DATA FOR REVIEW
=-=-=-=-=

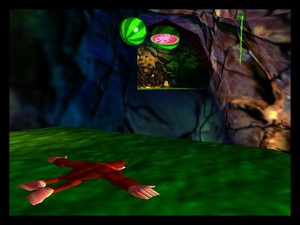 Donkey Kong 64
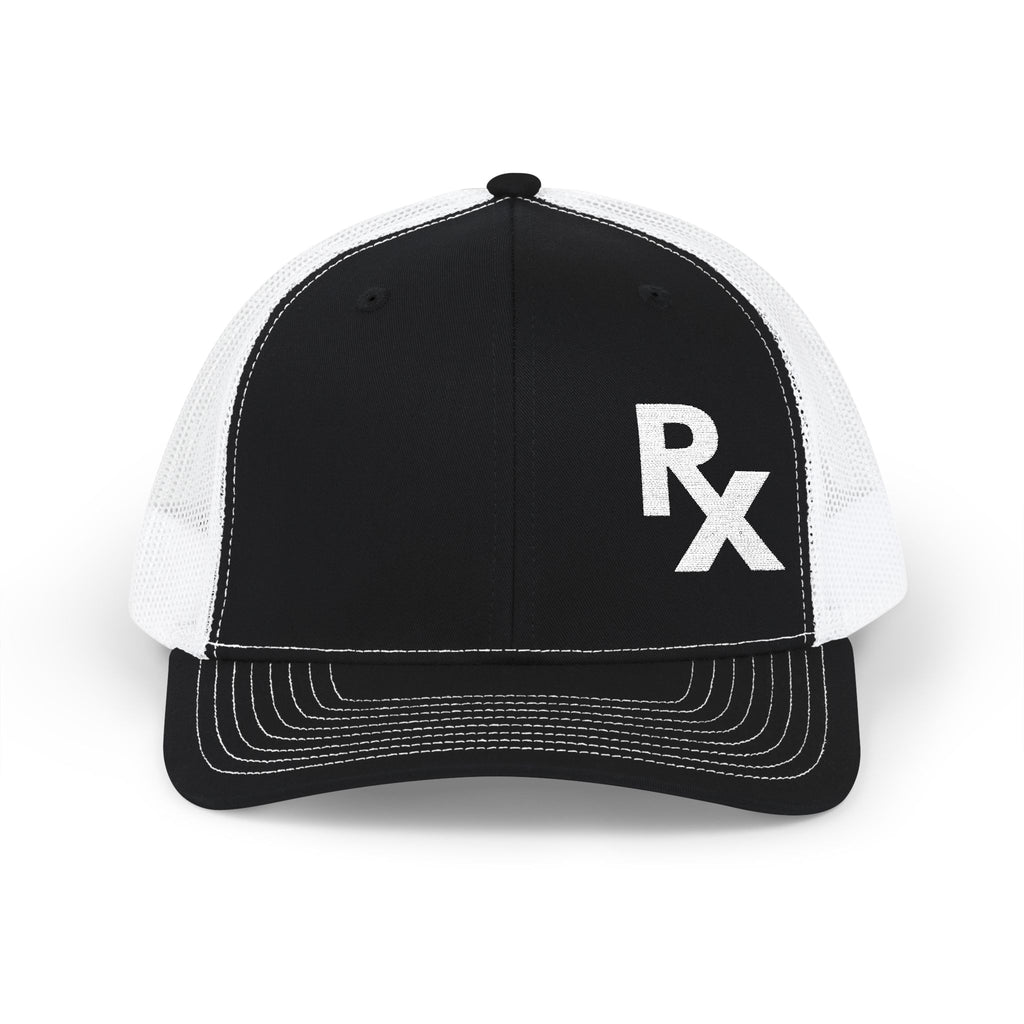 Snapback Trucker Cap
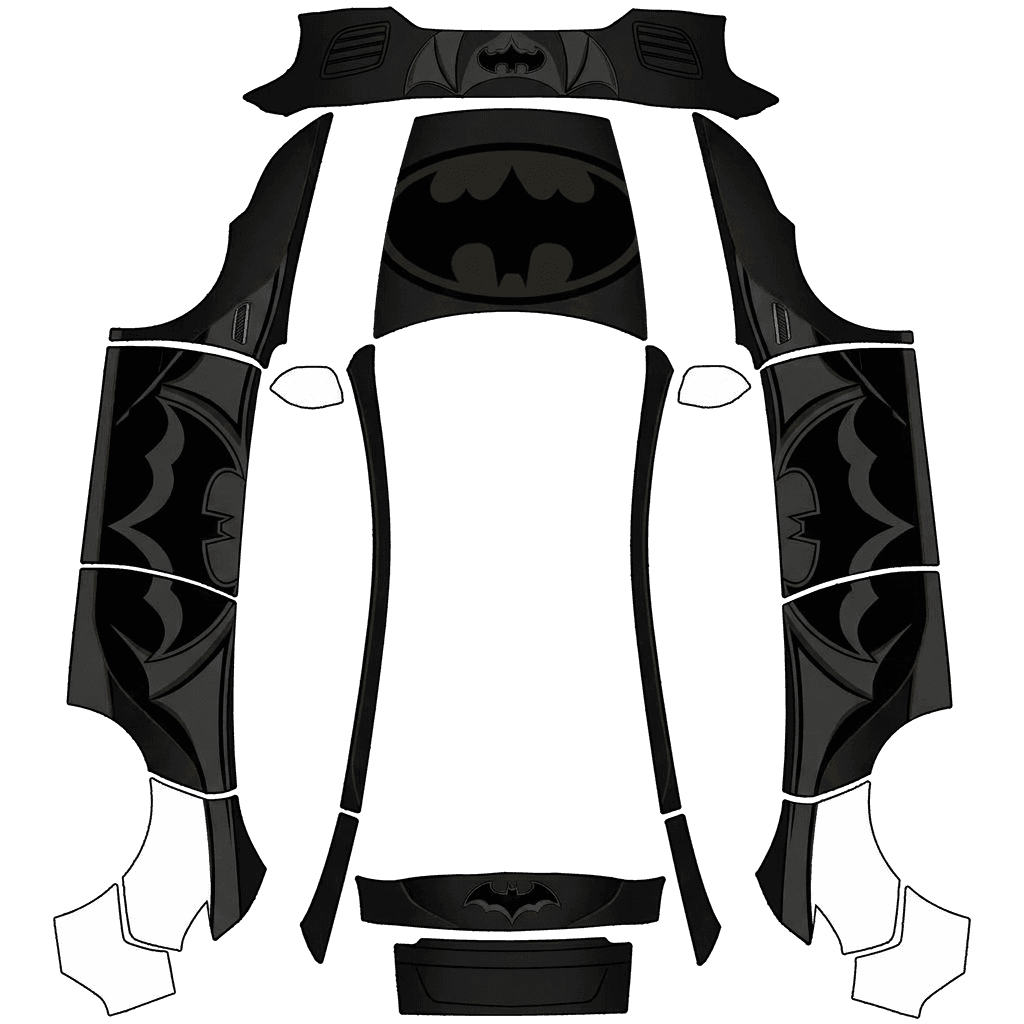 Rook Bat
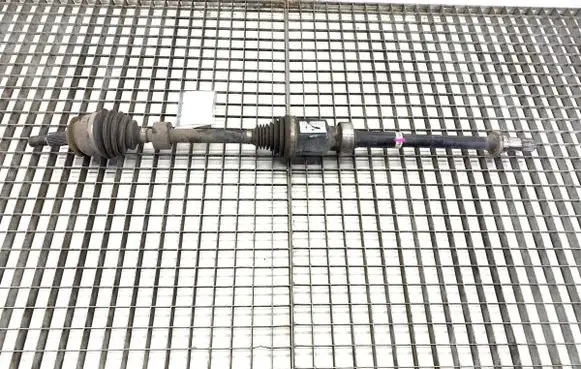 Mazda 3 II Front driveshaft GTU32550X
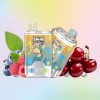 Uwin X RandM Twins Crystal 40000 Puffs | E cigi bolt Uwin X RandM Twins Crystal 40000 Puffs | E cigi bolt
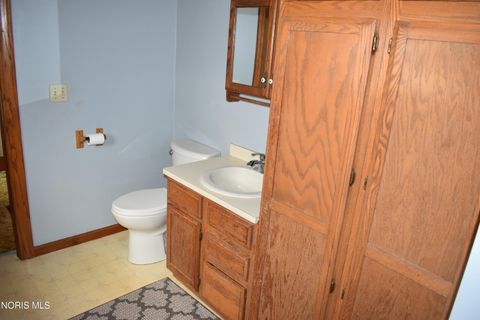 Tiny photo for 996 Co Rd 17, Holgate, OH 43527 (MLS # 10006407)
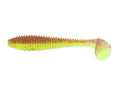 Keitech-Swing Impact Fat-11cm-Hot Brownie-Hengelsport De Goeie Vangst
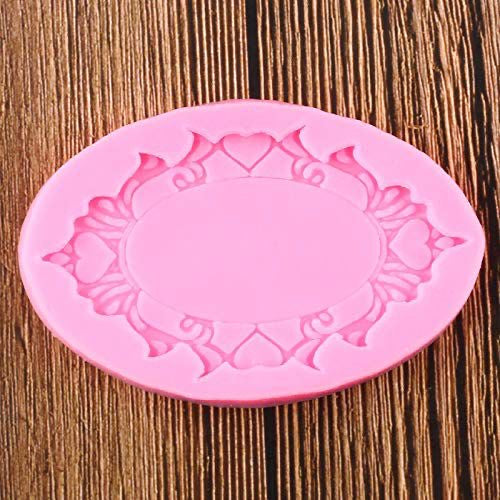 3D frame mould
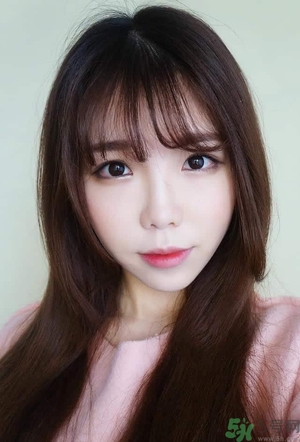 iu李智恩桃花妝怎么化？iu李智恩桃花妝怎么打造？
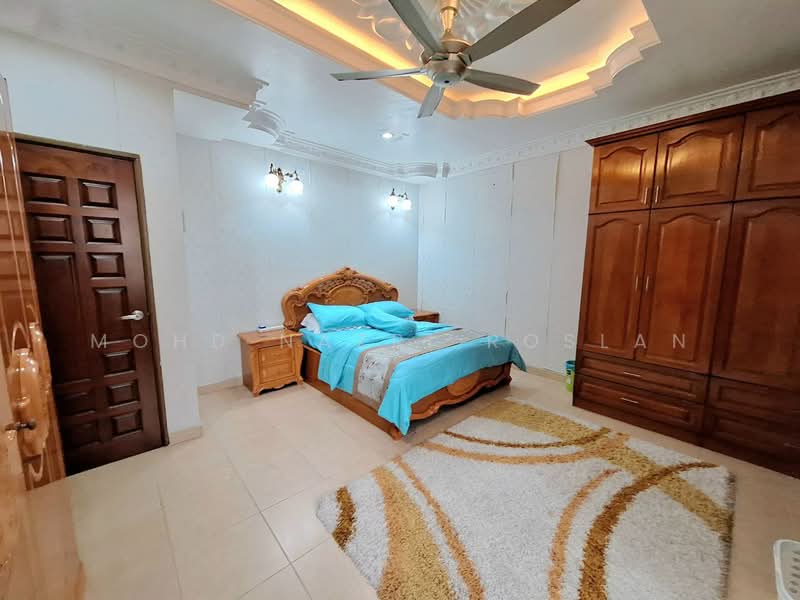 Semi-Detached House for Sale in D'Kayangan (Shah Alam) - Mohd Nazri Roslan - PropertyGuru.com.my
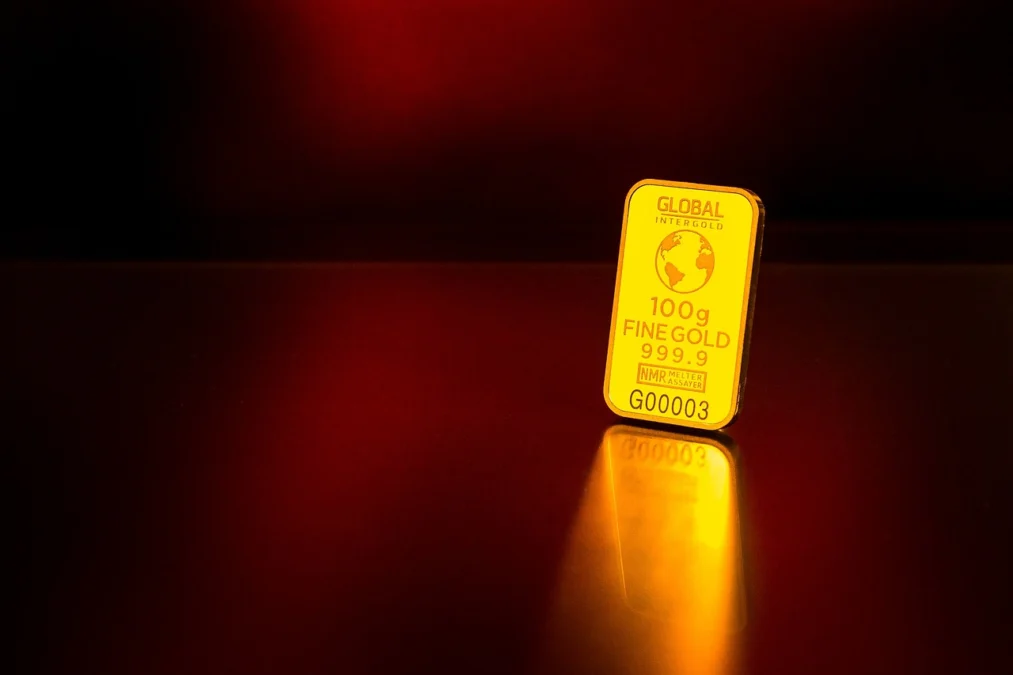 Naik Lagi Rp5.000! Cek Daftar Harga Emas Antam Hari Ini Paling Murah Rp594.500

=-=-=-=-=

WORK TASK
Would you please write out exactly the lines between the line containing "iu李智恩桃花妝怎么化？iu李智恩桃花妝怎么打造？" and the last line of the listing above, inclusive, without pictures?

PROBLEM SOLUTION
 iu李智恩桃花妝怎么化？iu李智恩桃花妝怎么打造？
 Semi-Detached House for Sale in D'Kayangan (Shah Alam) - Mohd Nazri Roslan - PropertyGuru.com.my
 Naik Lagi Rp5.000! Cek Daftar Harga Emas Antam Hari Ini Paling Murah Rp594.500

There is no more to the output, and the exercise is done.